Topaz for heterogenous samples

Hi all,

I am looking for some advice when working with a heterogenous sample. The sample is a mixture of oligomeric states, monomers (127 kDa) all the way to things that are approaching a filament (4mer X 8). I am most interested with this particular dataset in the larger structures, 4mer and up.

I have gone through blob picker to start off, and ended up getting some decent enough ab-initios to create templates for the various structures. I have since gone through template picker rounds and am getting a lot of picks of the “filaments”. Filament tracer doesn’t work likely since they are not really orientated in any given direction, and they are more like a mass of overlapping and touching “filaments”. I think that since they are abundant, template picker and 2d classification will be good enough for reconstruction later. I have only shown clear examples of the filaments but these are not representative of the majority of them.

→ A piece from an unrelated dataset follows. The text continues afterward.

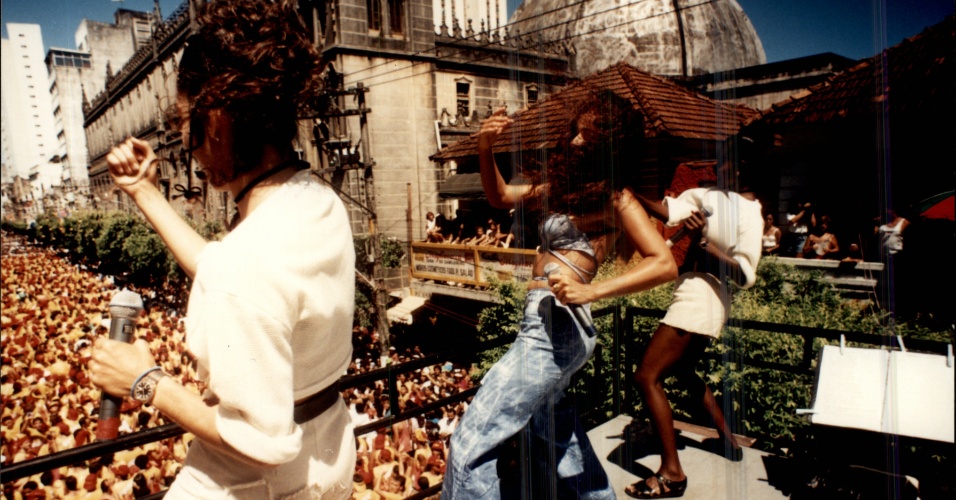 Daniela Mercury anima foliões de cima de seu trio no Carnaval de 1994 em Salvador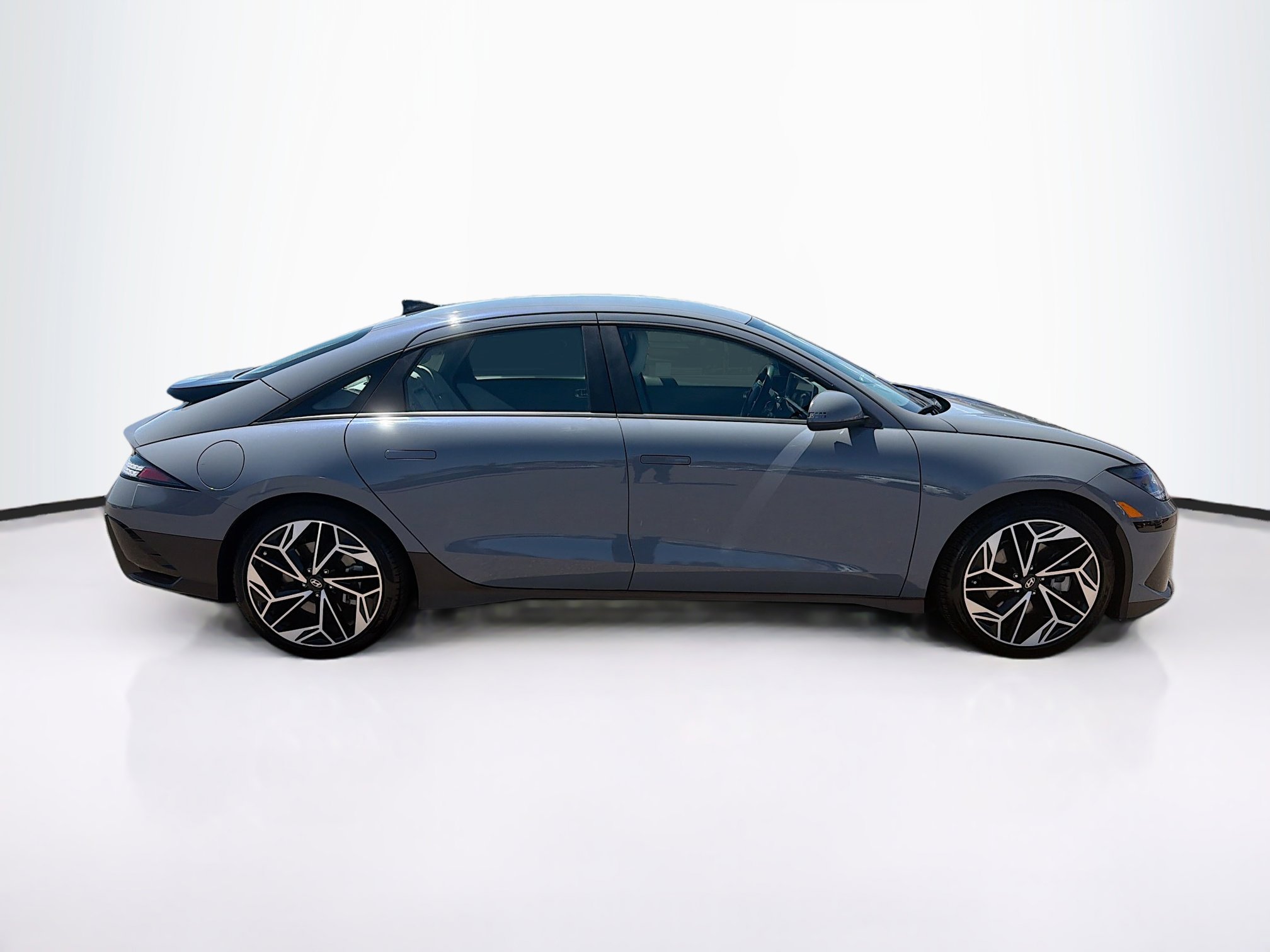 Used 2024 Hyundai Ioniq 6 SEL AWD/4WD image 10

The other structures are either being missed, or being picked on two/three different side (for ex. Green). This results in some unaligned picks, especially for the rarer views like the 12mer. It was suggested to me that I should try topaz and see if it can do a better job picking some of these rare structures. I started with manual picking of the 1mer, 2mer, 4mer, 8mer, and 12mers and purified with 2d classification (1500 particles).

I combined this particle stack with the purified 2d classes of the filament. Topaz train ended up with this output (average precision ~ 0.18, training precision vs epochs flat at ~0.45) which suggests to me that it didn’t do a great job.


Is this because I am asking topaz to train on many different structures? Do I need to do a topaz training with each complex and then do downstream processing separately?

Second, it is worth removing sub-par 2d classes in favour of excellent one? I fear in this case with topaz training (and even 3d reconstruction) I am going to be throwing away views.

Any insight would be appreciated,
Matt

I’d definitely do multiple picking rounds with optimisations for each distinct structure - whether you later combine picks or keep them separate is a matter of personal taste. Monomer/dimer/tetramer can likely be picked together but the filament and octamer/dodecamer should probably be picked independently.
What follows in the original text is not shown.